Конверт был проштемпелеван в Вестбери днем раньше. Еще страннее было то, что первоначально письмо послали в место под названием Тайтрингтон, выдуманное название, я о таком ни разу не слышала [2] Такое место, Тайтрингтон, существует в Англии, в графстве Чешир, родине Чеширского кота, от кого видна была одна улыбка.

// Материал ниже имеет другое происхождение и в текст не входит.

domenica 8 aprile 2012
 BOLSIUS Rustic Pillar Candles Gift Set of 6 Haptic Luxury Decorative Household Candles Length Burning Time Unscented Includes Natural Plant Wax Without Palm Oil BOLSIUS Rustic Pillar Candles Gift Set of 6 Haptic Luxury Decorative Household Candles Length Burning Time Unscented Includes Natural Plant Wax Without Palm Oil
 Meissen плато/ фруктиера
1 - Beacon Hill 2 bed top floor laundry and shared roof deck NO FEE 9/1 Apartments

. Когда позже я сверилась с нашим «Атласом дорог Великобритании», то с удивлением обнаружила, что есть такая деревушка менее чем в десяти милях от нас, по дороге на Уорминстер. Адрес в Тайтрингтоне был напечатан прямо на конверте. Кто-то перечеркнул его синей шариковой ручкой и сбоку приписал адрес в Солсбери – наш адрес! Письмо внутри было написано порывистым, с трудом разбираемым почерком, показавшимся мне едва ли не знакомым, и было насыщено странными увещеваниями «хранить спокойствие» и «ничего не говорить», почему-то казавшимися угрозой. Я едва смогла разобрать смысл письма, но оно тем не менее наполнило меня колким беспокойством, в основном оттого, что я постоянно думала, а что могло бы случиться дальше. Люси Дэвис здесь не жила (возможно, никогда), а значит, письмо никогда не дошло бы. Я перестала читать письмо, дойдя до половины, и сунула его обратно в конверт. Затем сделала единственное, что мне пришло в голову: заклеила снова клапан и вернула письмо туда, где нашла его, на коврик перед входной дверью. По счастью, открывала я его над паром, конверт не рвала, так что, если не приглядываться очень уж внимательно, ничего и заметно не было.